[What is required] Starting with the first line of the material, reproduce exactly each line up to and including the one that contains "Ruban d'étiquettes brother", leaving out every picture.

[Records to process]
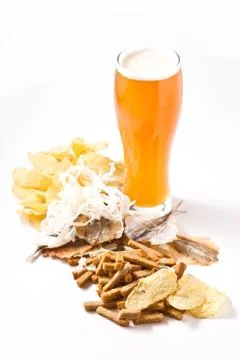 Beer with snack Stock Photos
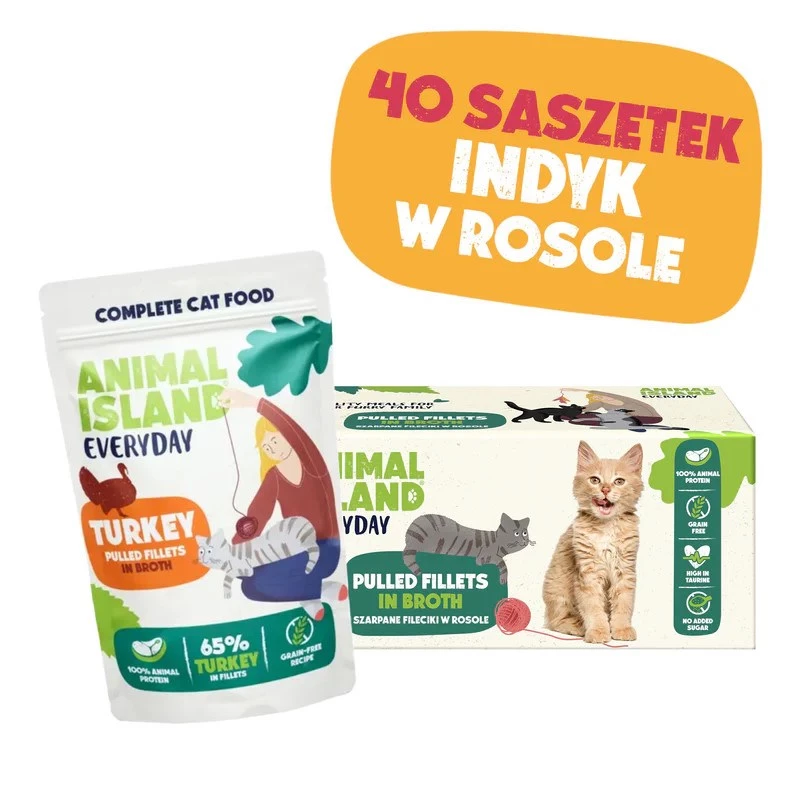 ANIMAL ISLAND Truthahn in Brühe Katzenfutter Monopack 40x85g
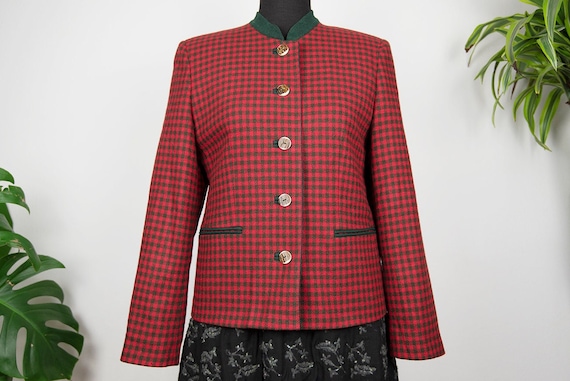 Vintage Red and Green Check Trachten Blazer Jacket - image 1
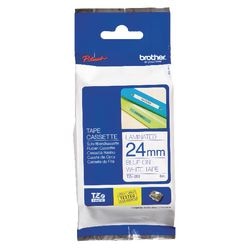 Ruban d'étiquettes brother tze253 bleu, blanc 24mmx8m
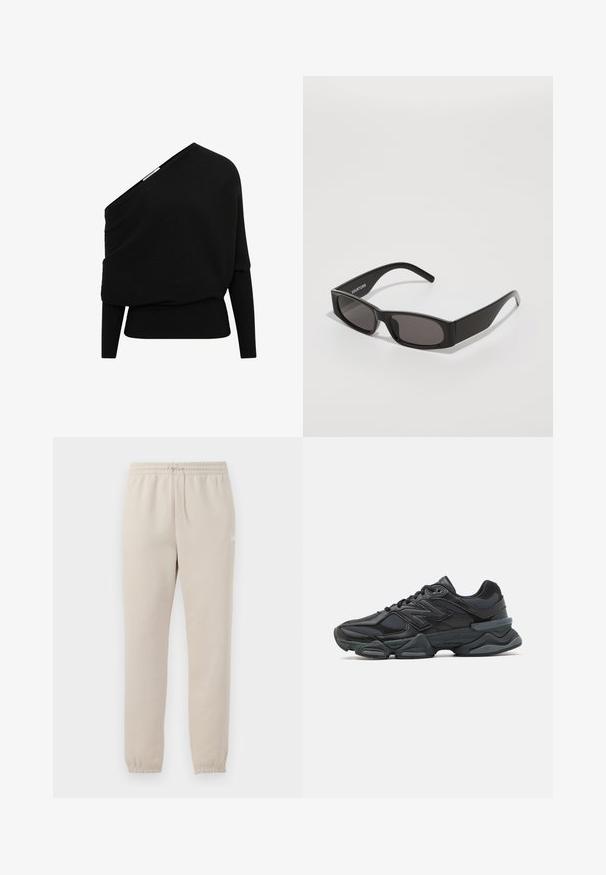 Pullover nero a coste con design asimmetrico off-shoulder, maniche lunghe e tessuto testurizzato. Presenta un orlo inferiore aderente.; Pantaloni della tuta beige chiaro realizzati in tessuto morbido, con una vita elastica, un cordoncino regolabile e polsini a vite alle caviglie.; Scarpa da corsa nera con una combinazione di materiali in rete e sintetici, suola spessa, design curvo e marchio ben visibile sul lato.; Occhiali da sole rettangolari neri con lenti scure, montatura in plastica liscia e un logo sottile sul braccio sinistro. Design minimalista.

[Result for this task]
 Beer with snack Stock Photos
 ANIMAL ISLAND Truthahn in Brühe Katzenfutter Monopack 40x85g
 Vintage Red and Green Check Trachten Blazer Jacket - image 1
 Ruban d'étiquettes brother tze253 bleu, blanc 24mmx8m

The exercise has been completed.